*** Supplied information Section Begins ***

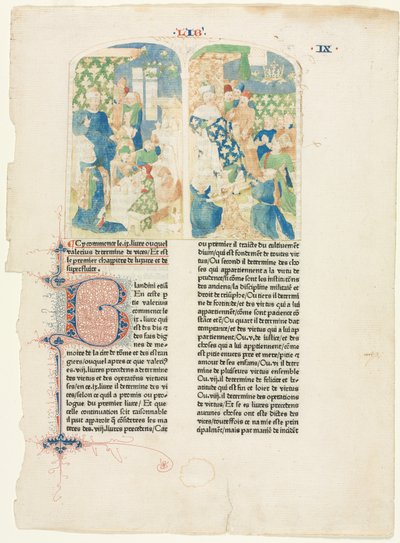 Página de apertura del Libro IX de Facta et dicta memorabilia de Valerius Maximus, c. 1476 de Unbekannt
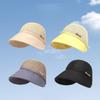 Wide Brim Women's Straw Hat Solid Color Bucket Sunhat Casual Sunshade Cap  Camping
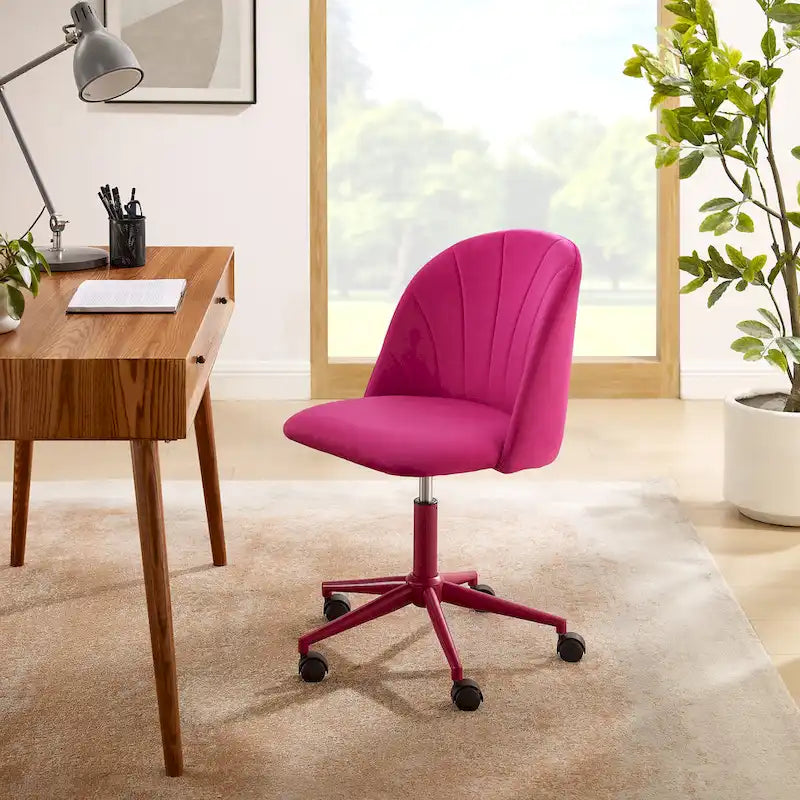 Chaise de bureau pivotante incurvée en velours Aubrie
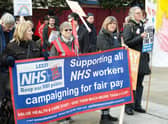 Thousands of campaigners and NHS workers have joined protests across England.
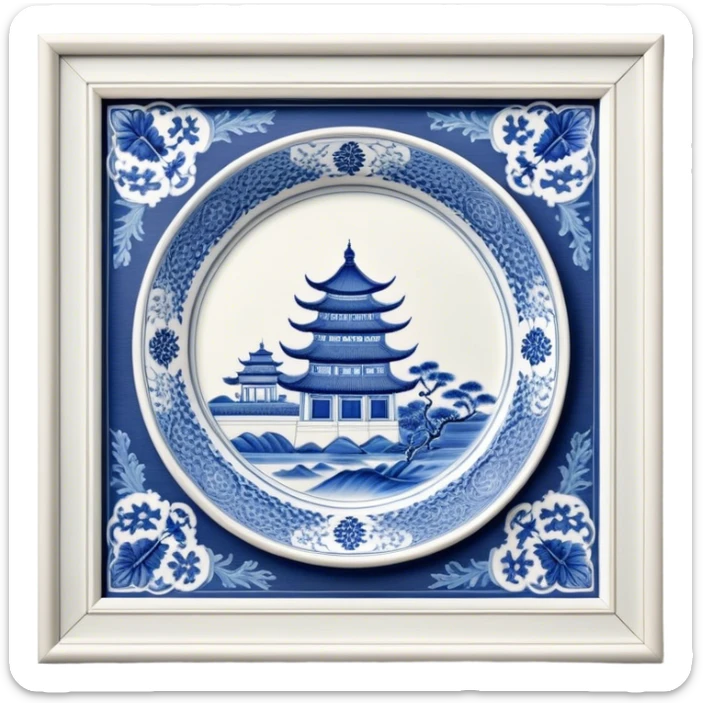 Cinematic Realistic image of exquisite blue and white porcelain, rendered with delicate, intricate patterns and fine textures, showcased against a classic Chinese backdrop with soft, refined lighting sticker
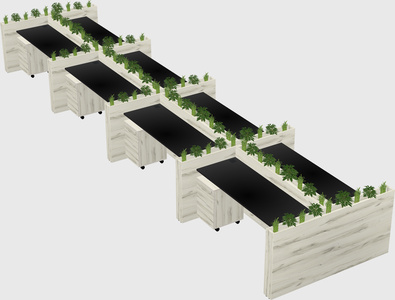 Rectangular shared desk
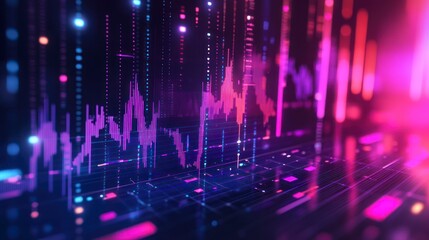 Abstract digital visualization of financial data, showcasing dynamic stock market trends with vibrant color gradients and glowing lines.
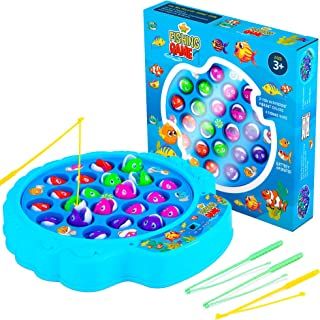 Photo 1 of Fishing Game Play Set - 21 Fish, 4 Poles, & Rotating Board w/ On-Off Music - Family Children Backyard Colorful Toy Games for Kids and Toddlers Age 3 4 5 6 7 and Up - Blue
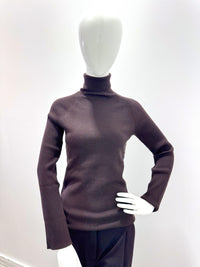Majestic Filatures Stretch Merino Long-Sleeve Turtleneck With Rib Chocolate Mousse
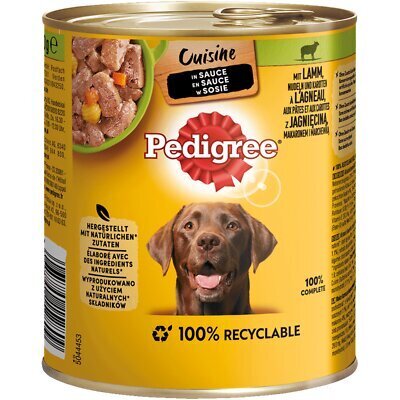 Pedigree Cuisine Adult lambalihaga kastmes, 12x800 g hind ja info | Koerakonservid | hansapost.ee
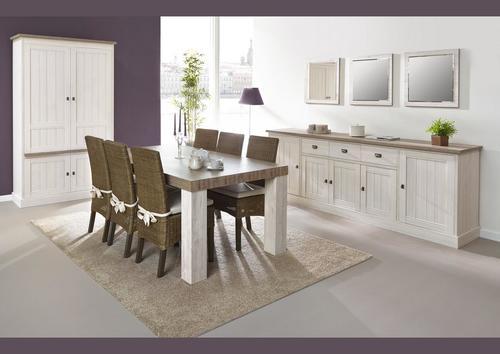 Table de repas en mélaminé bicolor 4 pieds larges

*** Supplied information Section Ends ***

• Try it
An answer that restates all the entries exactly and drops the images is what is needed.

• Task output
 Página de apertura del Libro IX de Facta et dicta memorabilia de Valerius Maximus, c. 1476 de Unbekannt
 Wide Brim Women's Straw Hat Solid Color Bucket Sunhat Casual Sunshade Cap  Camping
 Chaise de bureau pivotante incurvée en velours Aubrie
 Thousands of campaigners and NHS workers have joined protests across England.
 Cinematic Realistic image of exquisite blue and white porcelain, rendered with delicate, intricate patterns and fine textures, showcased against a classic Chinese backdrop with soft, refined lighting sticker
 Rectangular shared desk
 Abstract digital visualization of financial data, showcasing dynamic stock market trends with vibrant color gradients and glowing lines.
 Photo 1 of Fishing Game Play Set - 21 Fish, 4 Poles, & Rotating Board w/ On-Off Music - Family Children Backyard Colorful Toy Games for Kids and Toddlers Age 3 4 5 6 7 and Up - Blue
Majestic Filatures Stretch Merino Long-Sleeve Turtleneck With Rib Chocolate Mousse
 Pedigree Cuisine Adult lambalihaga kastmes, 12x800 g hind ja info | Koerakonservid | hansapost.ee
 Table de repas en mélaminé bicolor 4 pieds larges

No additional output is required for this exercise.